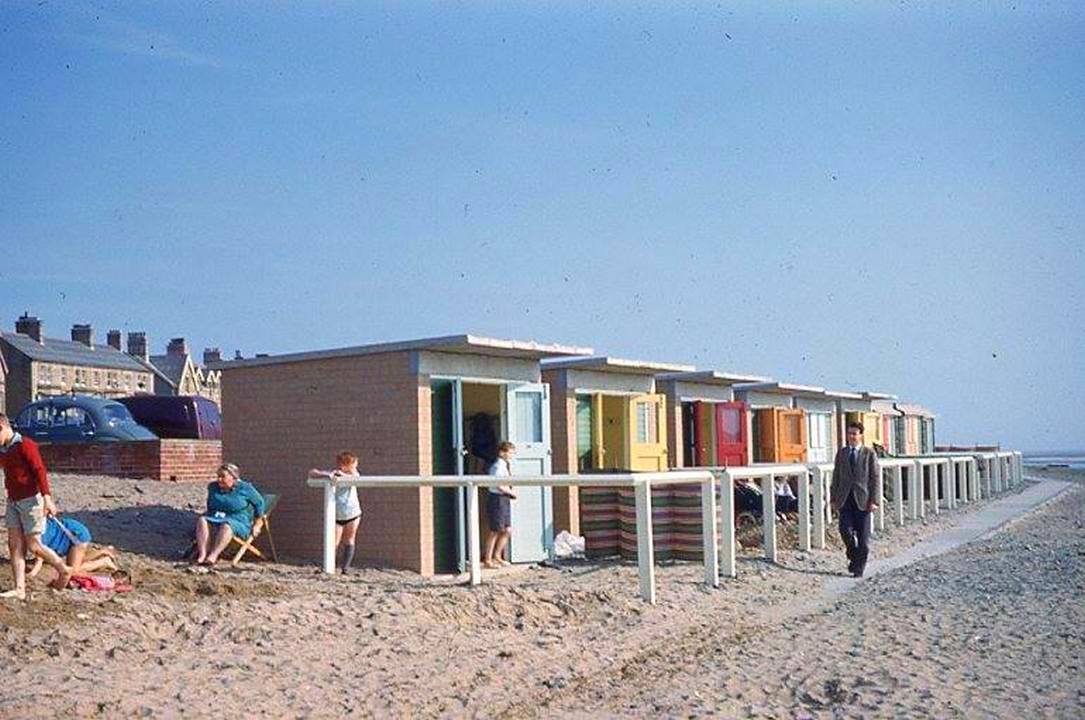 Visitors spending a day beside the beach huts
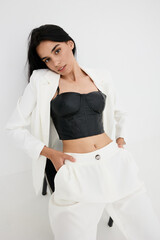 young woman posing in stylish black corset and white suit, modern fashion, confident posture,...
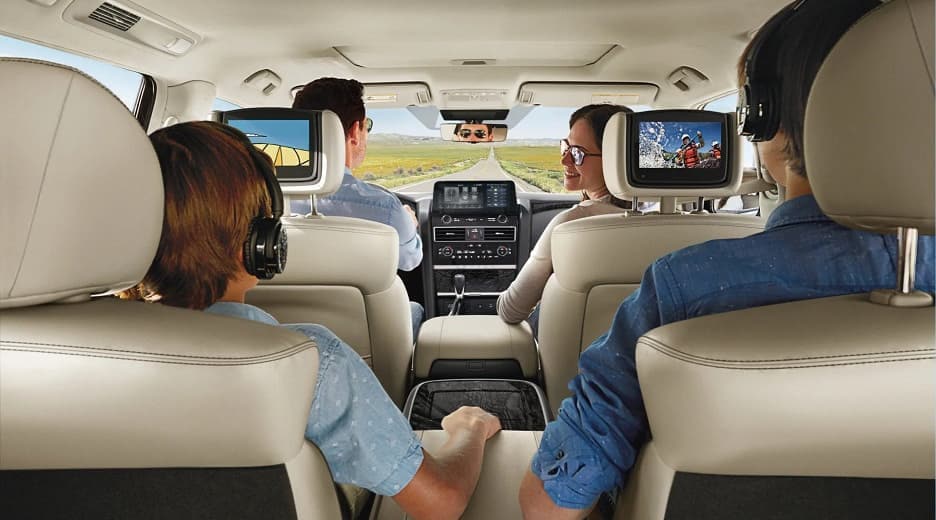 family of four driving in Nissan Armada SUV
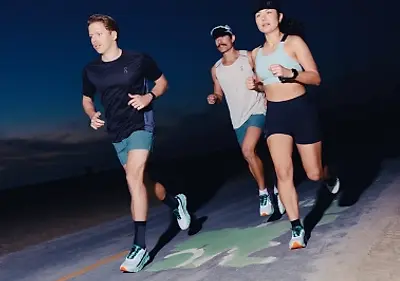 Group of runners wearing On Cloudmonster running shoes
* * *
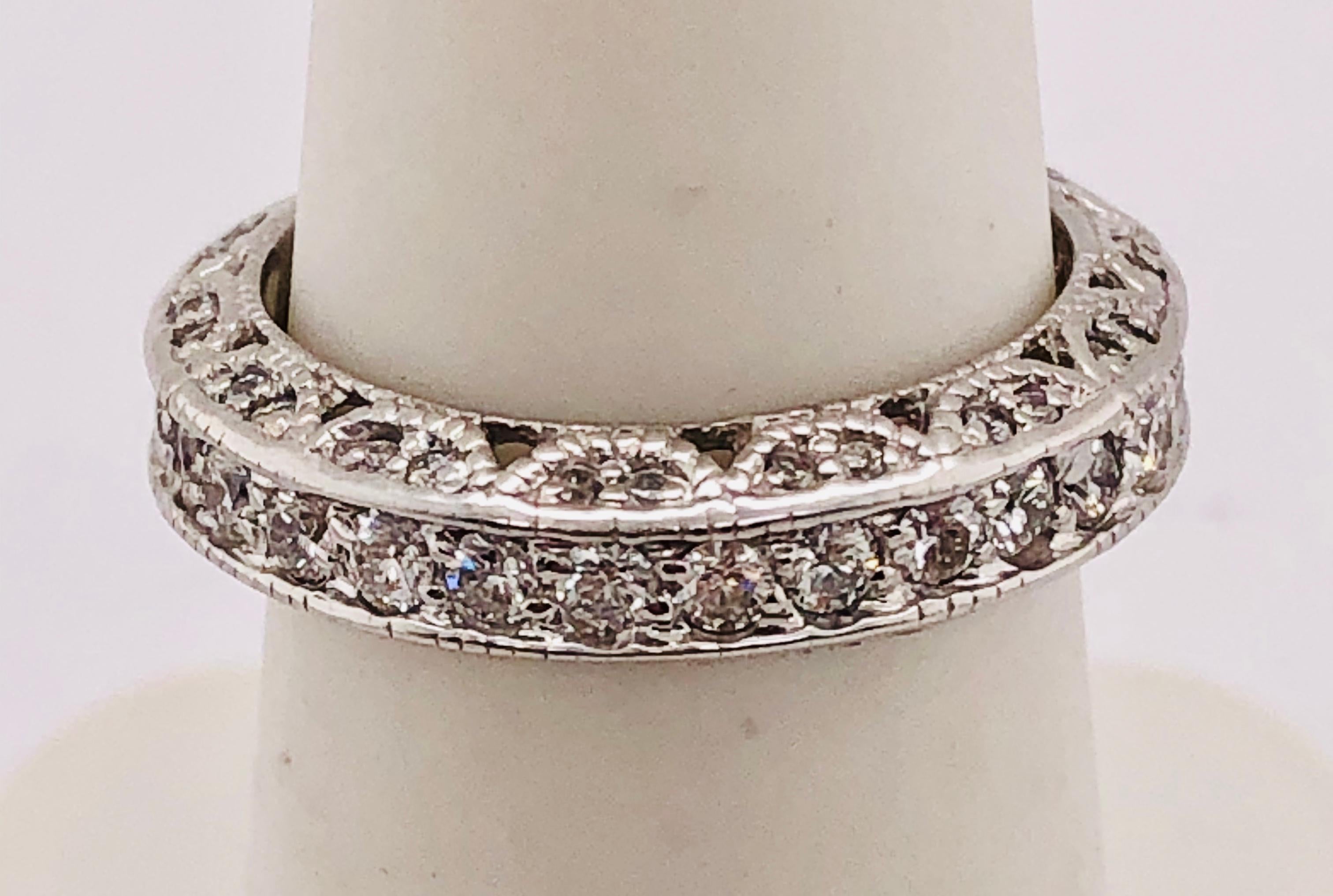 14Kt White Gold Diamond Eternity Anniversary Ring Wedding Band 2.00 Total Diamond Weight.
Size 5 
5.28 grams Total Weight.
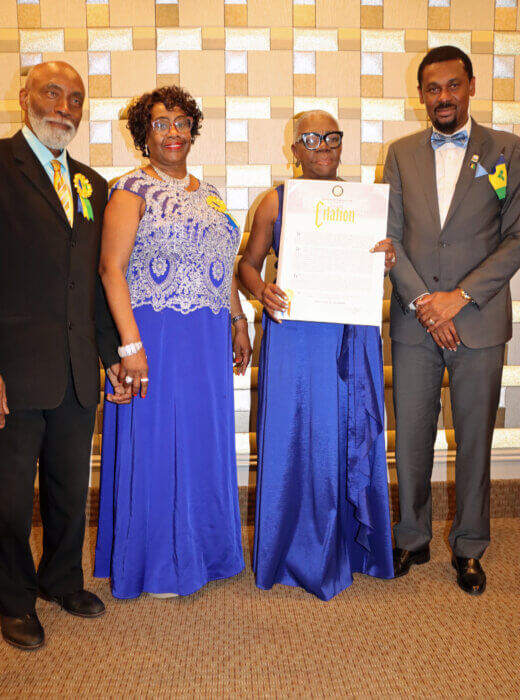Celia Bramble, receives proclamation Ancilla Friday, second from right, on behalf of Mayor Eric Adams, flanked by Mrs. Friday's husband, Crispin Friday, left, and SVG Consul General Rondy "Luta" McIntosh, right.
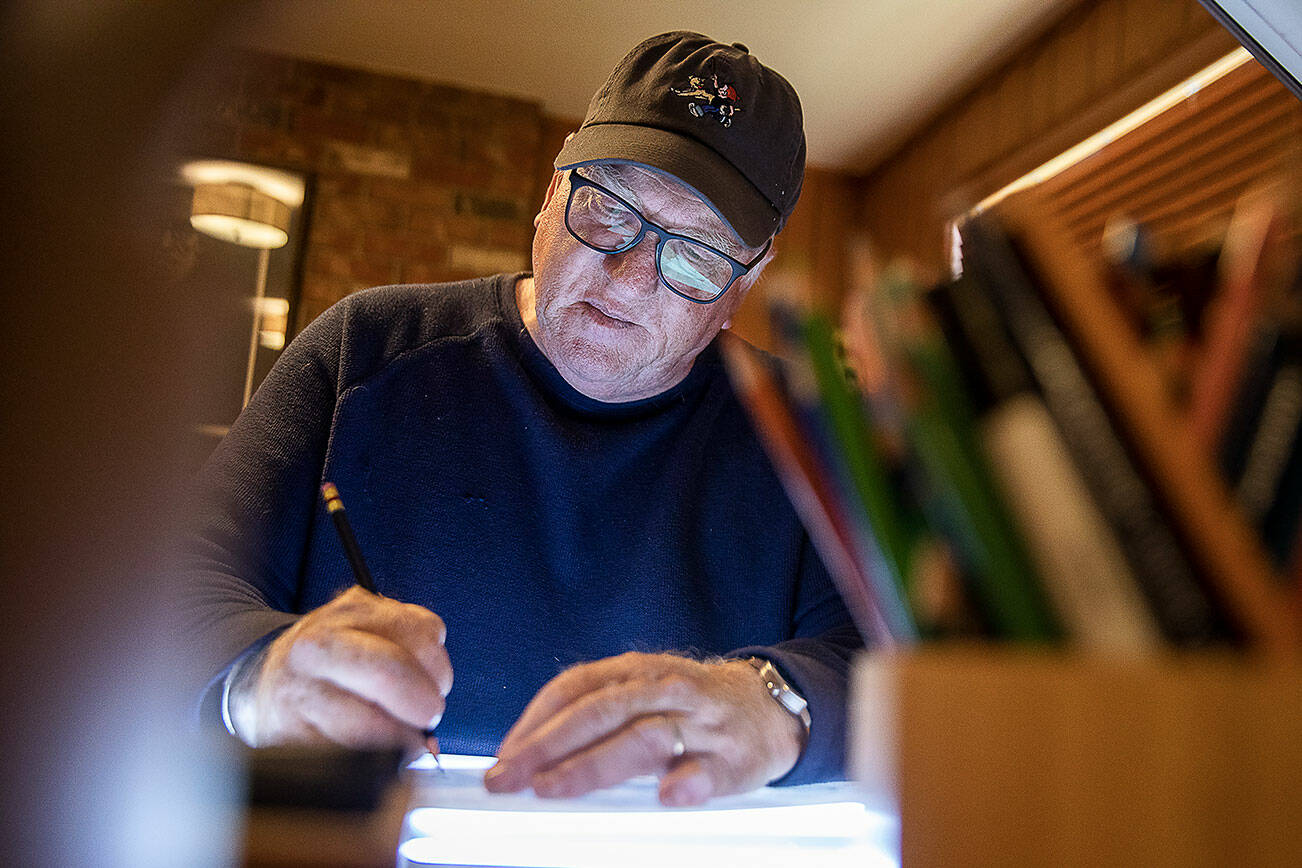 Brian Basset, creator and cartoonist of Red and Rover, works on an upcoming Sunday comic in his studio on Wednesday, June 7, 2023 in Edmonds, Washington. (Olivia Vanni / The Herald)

• _EXERCISE_
In the records above, find the line with "Celia Bramble, receives". Print exactly from there through the line with "Brian Basset, creator", minus the pictures.

• _TASK SOLUTION_
Celia Bramble, receives proclamation Ancilla Friday, second from right, on behalf of Mayor Eric Adams, flanked by Mrs. Friday's husband, Crispin Friday, left, and SVG Consul General Rondy "Luta" McIntosh, right.
 Brian Basset, creator and cartoonist of Red and Rover, works on an upcoming Sunday comic in his studio on Wednesday, June 7, 2023 in Edmonds, Washington. (Olivia Vanni / The Herald)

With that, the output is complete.